YOUR TASK –
Set the material down again exactly, line by line, skipping each picture.

=== GIVEN DATA ===

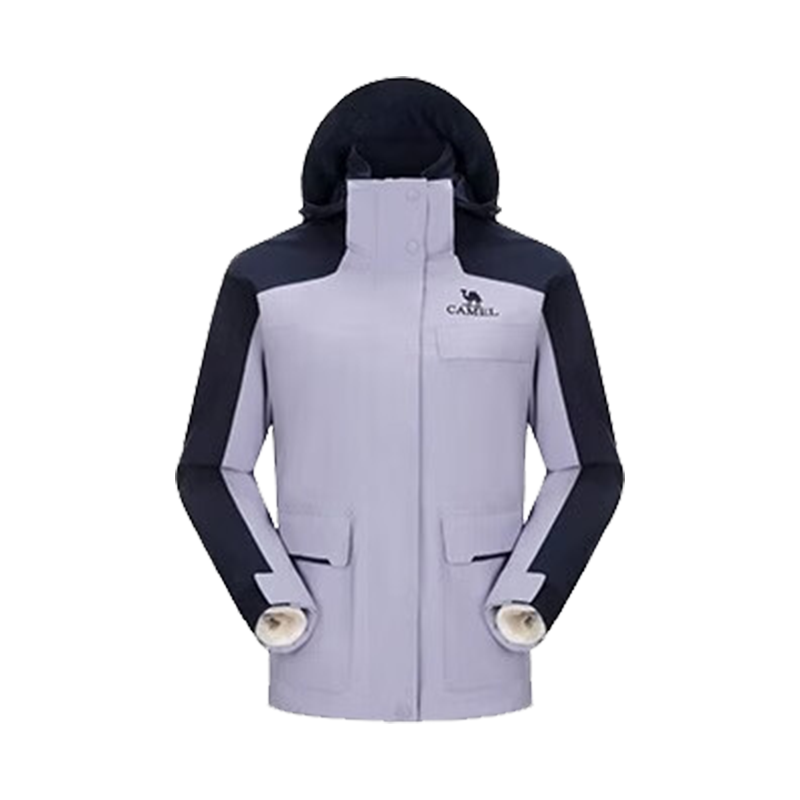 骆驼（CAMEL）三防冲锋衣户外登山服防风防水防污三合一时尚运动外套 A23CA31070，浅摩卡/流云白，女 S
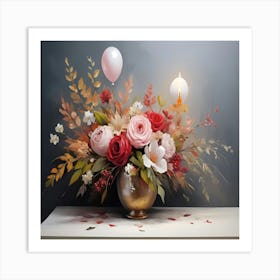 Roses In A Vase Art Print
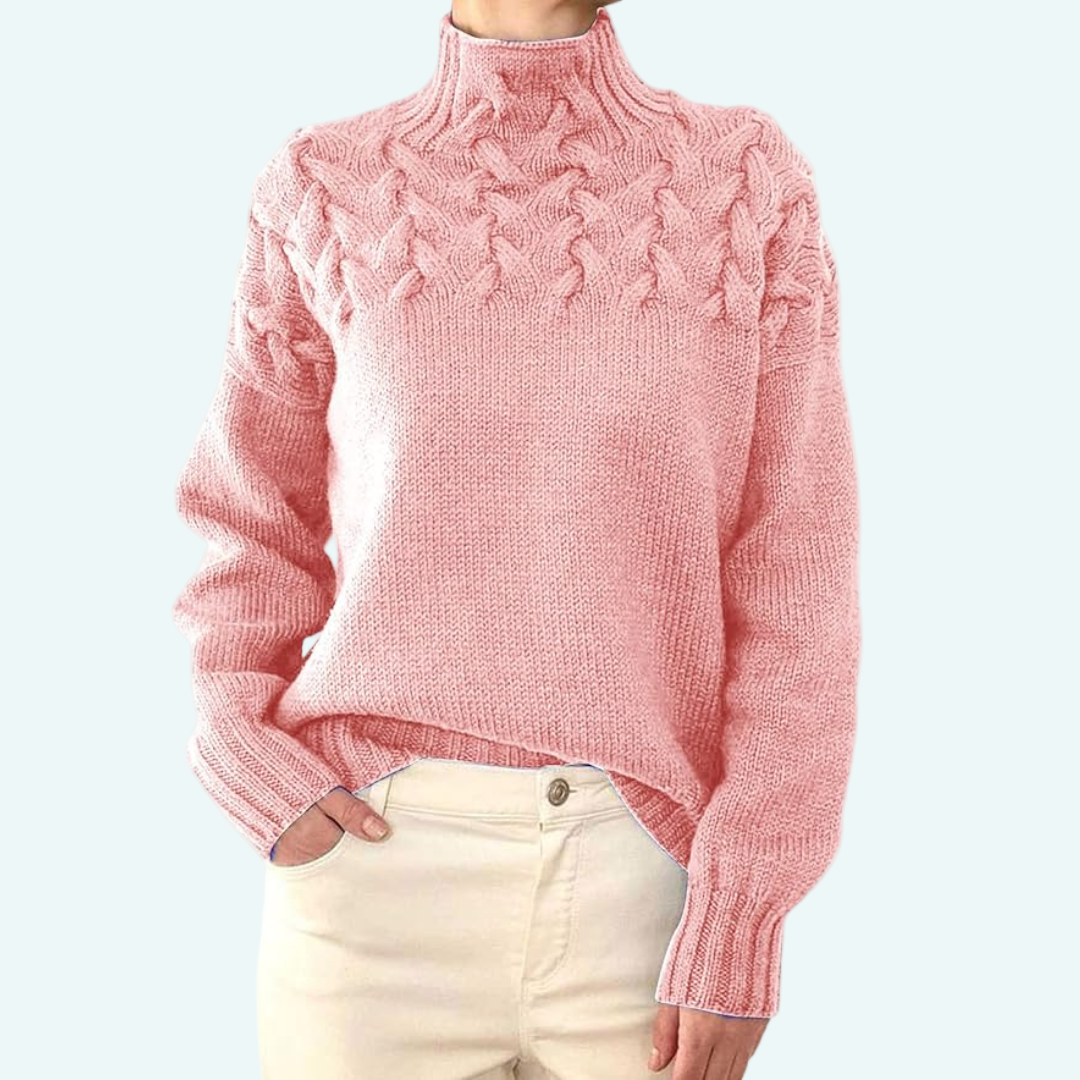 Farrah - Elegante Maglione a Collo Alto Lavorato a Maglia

===

OUTPUT FOR THIS TASK –
 骆驼（CAMEL）三防冲锋衣户外登山服防风防水防污三合一时尚运动外套 A23CA31070，浅摩卡/流云白，女 S
 Roses In A Vase Art Print
 Farrah - Elegante Maglione a Collo Alto Lavorato a Maglia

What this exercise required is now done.